Berdasarkan hasil survey Lembaga United Nations Education, Scientific, and Cultural Organization ( UNESCO) minat baca masyarakat Indonesia hanya 0,001%. Artinya, dari 1000 orang Indonesia, Cuma 1 orang yang rajin membaca.
Kondisi ini sungguh ironis. Di era millenial, dimana informasi mengalir deras dan minat baca yang rendah berbahaya dalam menyikapi informasi yang beredar. Tingkat baca yang rendah rentan dengan mudahnya termakan isu, tanpa ada keinginan untuk mengkaji kebenaran atas isu tersebut. Di media social Indonesia menempati posisi ke-4 setelah India (195,16 juta), Amerika (191,3), Brazil (90,11). Sayangnya, tingginya pengguna media social masyarakat Indonesia menempatkan pengguna media social dengan kata kunci hoax tertinggi, sebanyak 104.374, (baca: lini twitter).
Fenomena ini perlu perhatian berbagai pihak. Tugas bersama yang harus dilakukan adalah meningkatkan kesadaran literasi. Gerakan sadar literasi perlu digalakkan untuk menumbuhkan masyarakat yang cerdas menanggapi informasi dan memproduksi informasi yang menyerdaskan. Menumbuhkan sadar literasi menjadi hal penting dan mendesak, jika ingin merasakan hasilnya seperti yang dirasakan Firlandia.
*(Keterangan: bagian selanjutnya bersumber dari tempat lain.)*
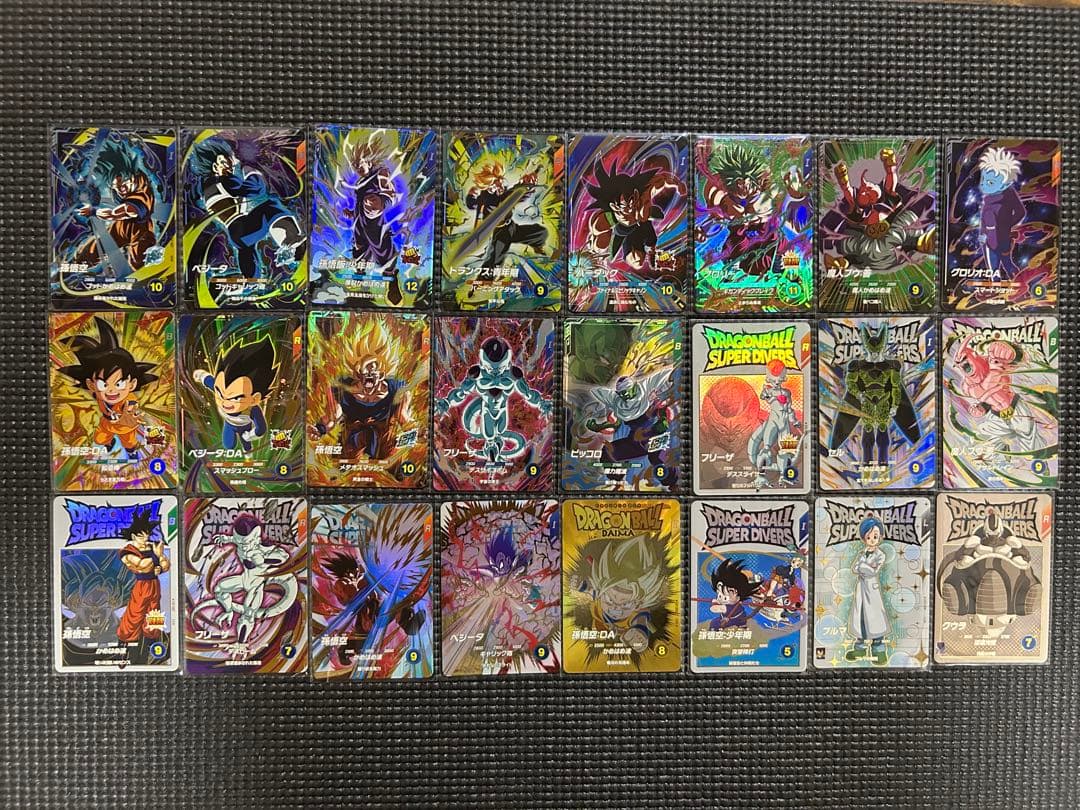 ドラゴンボールダイバーズ　まとめ売り　引退品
Menyambut Indonesia Emas 2045. Gerakan sadar literasi tidak bisa ditawar lagi untuk membangun generasi yang sanggup bersaing secara global mencintai budaya local, memiliki kecakapan intelektual, sehat dan menyehatkan dalam interaksi dengan lingkungan, berbudi luhur, produktif dalam hal positif, inovatif, serta damai dalam interaksi social.